Your goal => Repeat only the lines between the one with "изображение_vi" and the end of the material below, both ends included. Omit any picture.

Listed entries =>

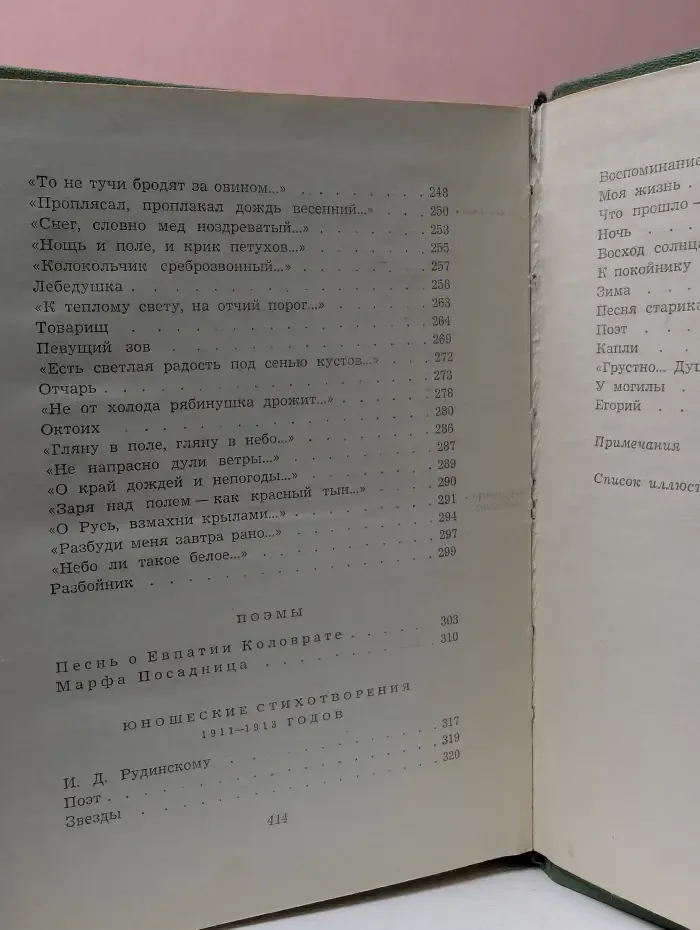Сергей Есенин. Собрание сочинений в 5 томах. Том 1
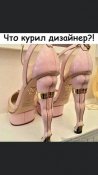 изображение_viber_2021-01-24_21-57-24.jpg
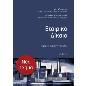 ΕΤΑΙΡΙΚΟ ΔΙΚΑΙΟ ΕΝΗΜΕΡΩΣΗ ΜΕΧΡΙ ΤΟΝ Ν 5055/2023 (ΤΣΕΠΗΣ) 14Η ΕΚΔΟΣΗ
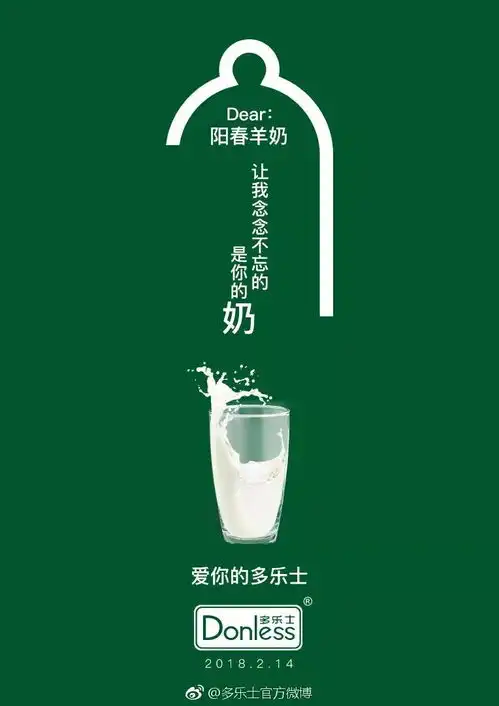 祝天下所有的情侣都是失散多年的兄妹情人节借势海报
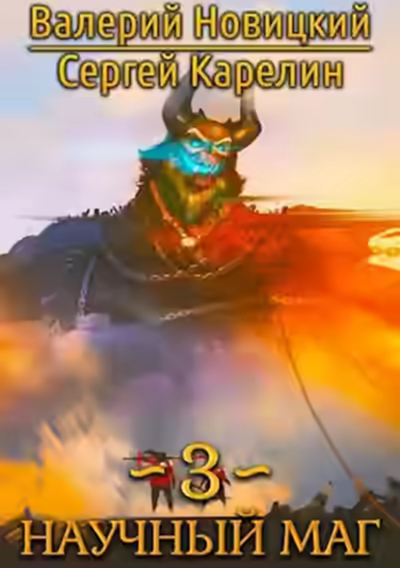 Аудиокнига Воитель — слушать онлайн бесплатно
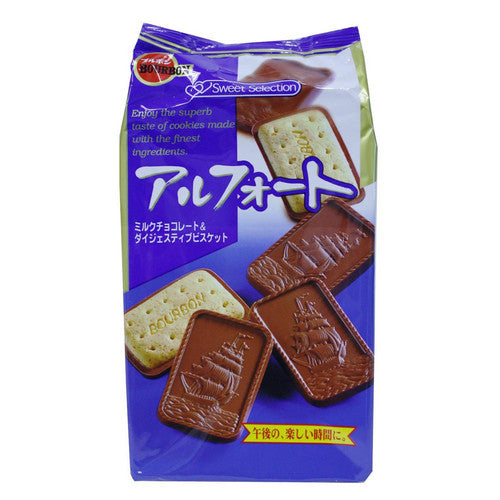 Bourbon Alfort Chocolate & Cocoa Cookie Original Blue - MOMO E-Store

Answer to the problem =>
 изображение_viber_2021-01-24_21-57-24.jpg
 ΕΤΑΙΡΙΚΟ ΔΙΚΑΙΟ ΕΝΗΜΕΡΩΣΗ ΜΕΧΡΙ ΤΟΝ Ν 5055/2023 (ΤΣΕΠΗΣ) 14Η ΕΚΔΟΣΗ
 祝天下所有的情侣都是失散多年的兄妹情人节借势海报
 Аудиокнига Воитель — слушать онлайн бесплатно
 Bourbon Alfort Chocolate & Cocoa Cookie Original Blue - MOMO E-Store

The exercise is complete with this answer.